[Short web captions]

——

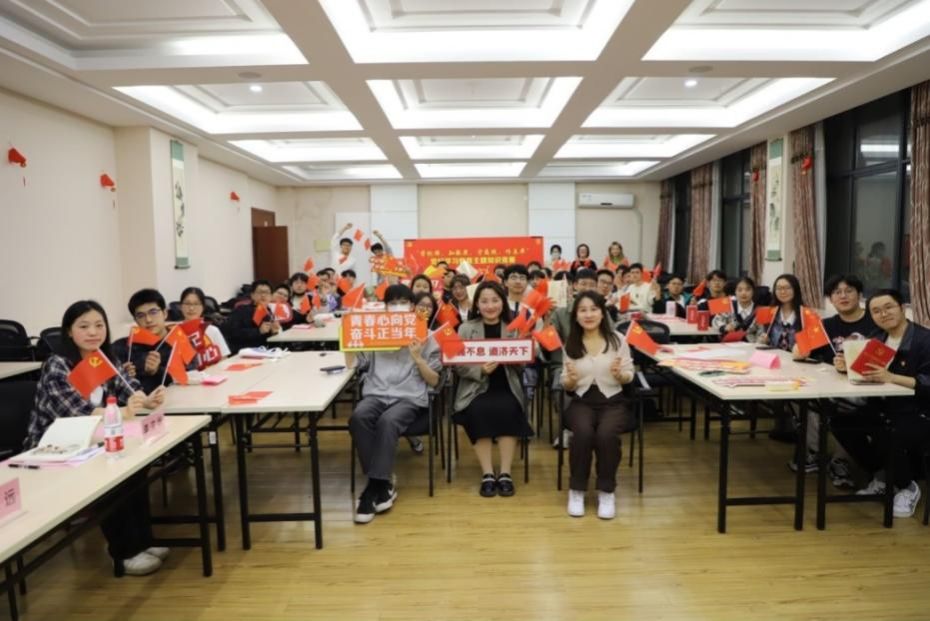 E0F60BC6F06F038F43B545FE64A_757BFE73_14537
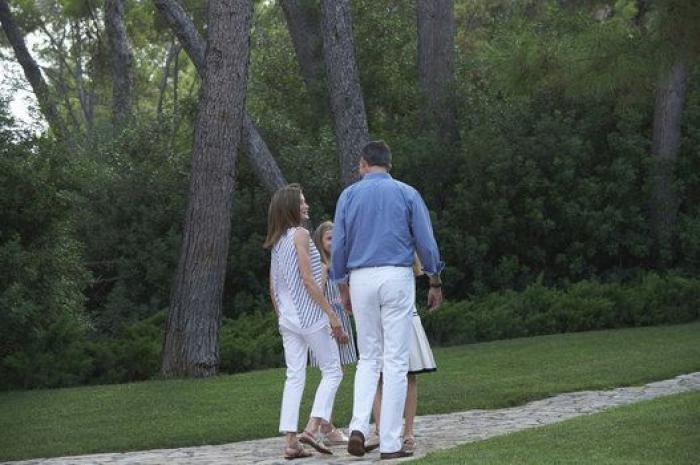 El rey se resigna ante este "verano atípico": "Es lo que toca"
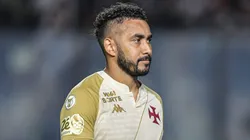 Payet se posiciona pela primeira após deixar o Vasco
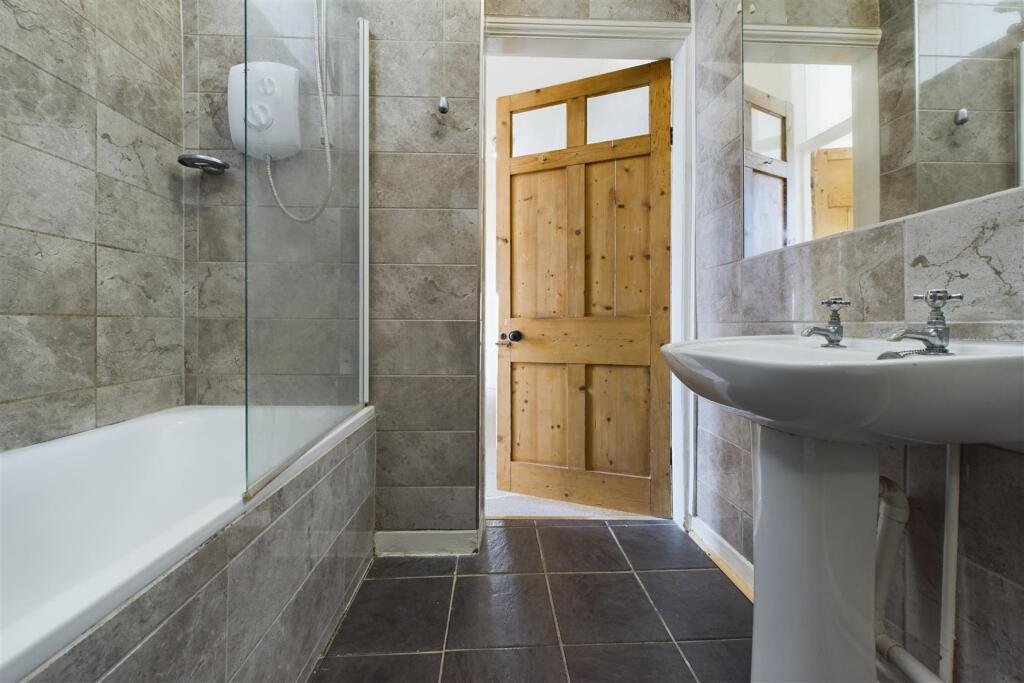 18 Lansdown Place, Cheltenham GL50 2HX | Leasehold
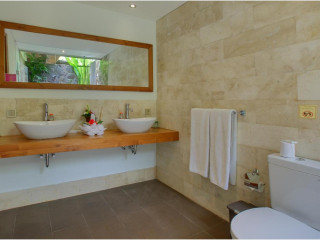 Anusara Luxury Villas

——

Activity:
Write every line of the data out again exactly, leaving out all images.

Written solution:
 E0F60BC6F06F038F43B545FE64A_757BFE73_14537
 El rey se resigna ante este "verano atípico": "Es lo que toca"
 Payet se posiciona pela primeira após deixar o Vasco
 18 Lansdown Place, Cheltenham GL50 2HX | Leasehold
 Anusara Luxury Villas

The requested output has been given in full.